Sources close to Sports Direct boss Mike Ashley say he wants to keep the 141-year-old department store open.
However, his property team is still deep in talks with the Danish consortium which owns the Beatties site.
It is understood that difficulties have arisen in discussions over the future of a 35-year lease of the site by the collapsed House of Fraser Ltd.
Twenty three years are left to run on the lease and the site owners face a drop in rent as part of a new deal with Sports Direct.
The Danish consortium set up the initial 35-year lease with House of Fraser Ltd in a sale-and-leaseback deal struck in 2006.
The group paid £47 million for the Victoria Street department store.
House of Fraser Ltd bought Beattes, which also had a store in Dudley, for £69.4m a year before.

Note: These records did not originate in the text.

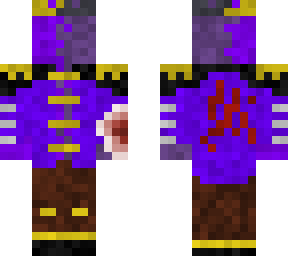 cosneon's skin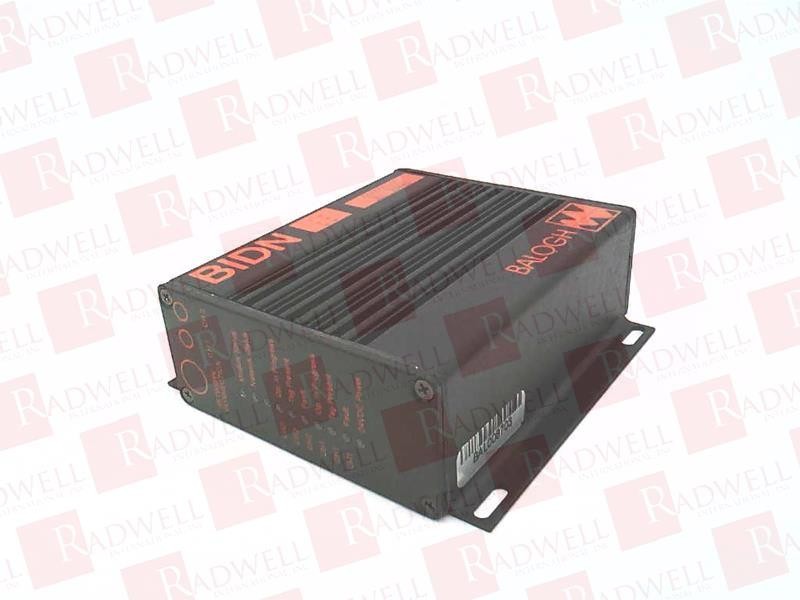 BALOGH BIDN EE / BIDNEE (USED)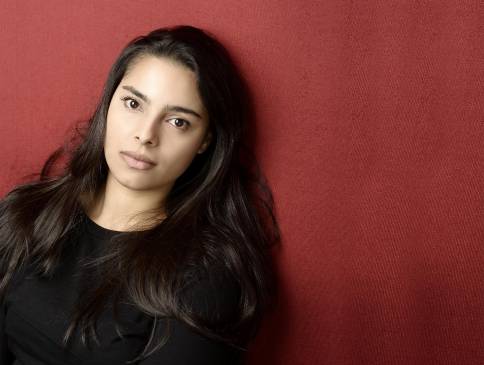 La autora colombiana Margarita García Robayo consolida cada vez más un estilo que la convierte en referente de la literatura contemporánea. FOTO CORTESÍA ALEJANDRA LÓPEZ.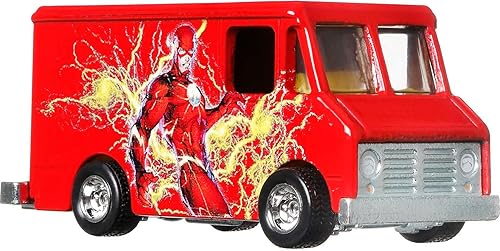 Miniatura 3 de Hot Wheels Combat Medic - Vehículo a escala 1:64 para niños de 3 años en adelante y coleccionistas de autos de juguete clásicos, con nuevos castings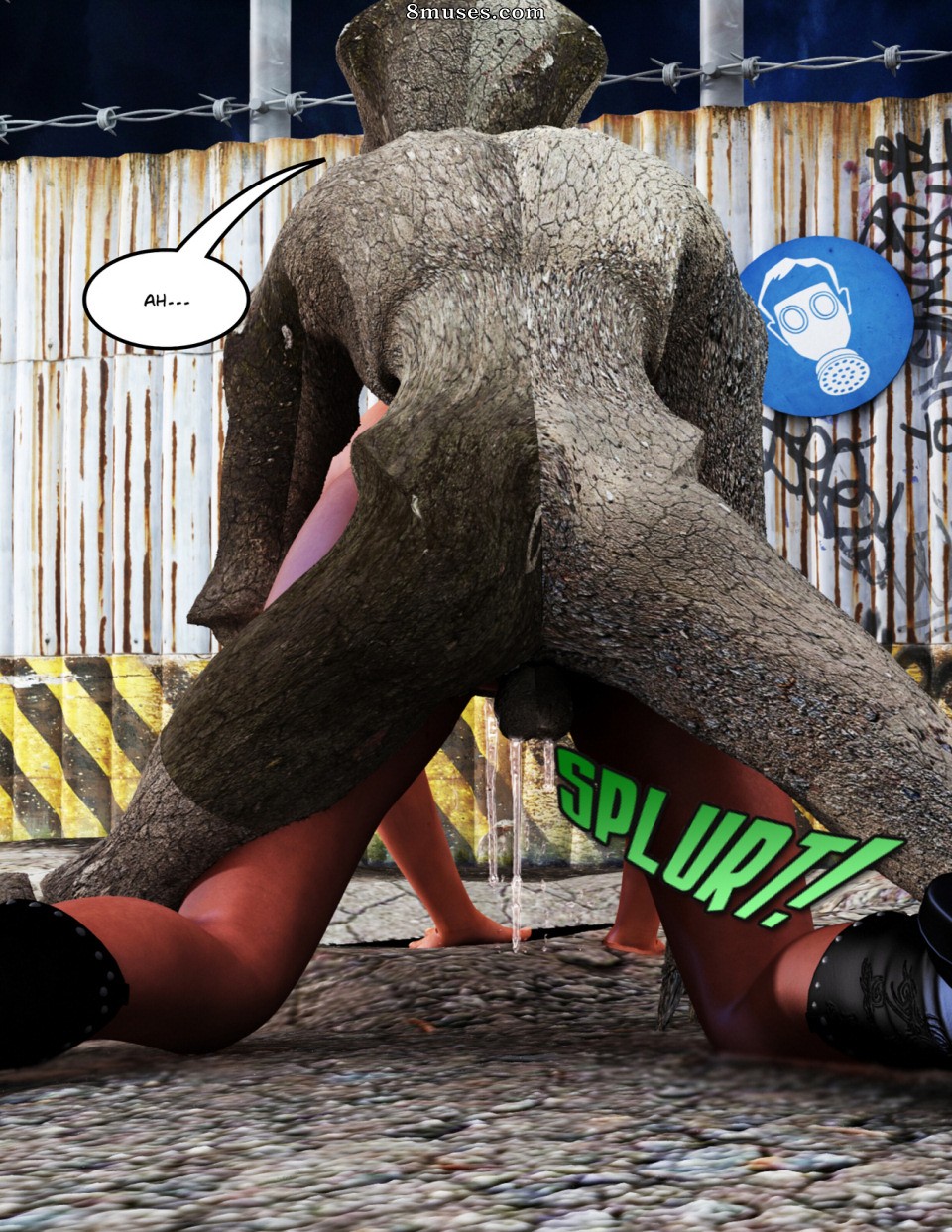 Ark - Stories from the Vault - Part 2 - Page 853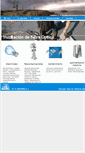 Mobile Screenshot of iecp.es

After the site was purchased by the consortium, parts of the building were sold and rented out.
The store's Gadsby's Art Shop was moved inside and its two-storey premises, beside the Townwell Fold passageway, was rented out.
Two large warehouse and storage properties at the rear of the store, in Skinner Street, were also put up for sale.
The Wolverhampton shop was opened in 1887 by James Beattie and became the cornerstone of a 12-strong department store empire.
At its height in the 1980s and 1990s, the Wolverhampton store alone employed more than 800 people.